● **Records supplied**:
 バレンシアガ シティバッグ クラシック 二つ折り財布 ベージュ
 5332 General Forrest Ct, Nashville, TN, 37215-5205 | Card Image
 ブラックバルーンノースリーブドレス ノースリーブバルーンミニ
...
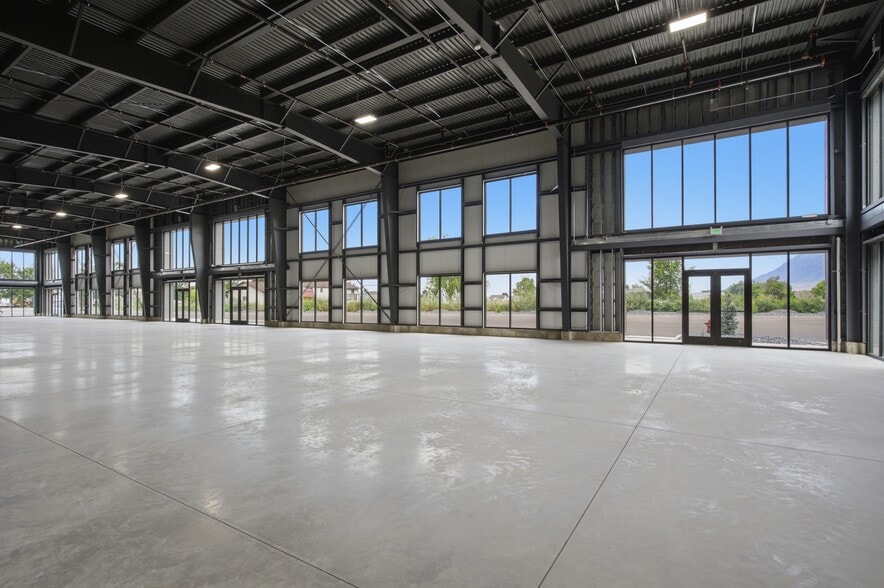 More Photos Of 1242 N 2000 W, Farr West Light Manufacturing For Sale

● **Exercise details**:
Go to the line with "バレンシアガ シティバッグ クラシック 二つ折り財布 ベージュ" in the entries above and repeat every line from there through the line with "ブラックバルーンノースリーブドレス ノースリーブバルーンミニ", exactly and with no other text.

● **The completed task**:
 バレンシアガ シティバッグ クラシック 二つ折り財布 ベージュ
 5332 General Forrest Ct, Nashville, TN, 37215-5205 | Card Image
 ブラックバルーンノースリーブドレス ノースリーブバルーンミニ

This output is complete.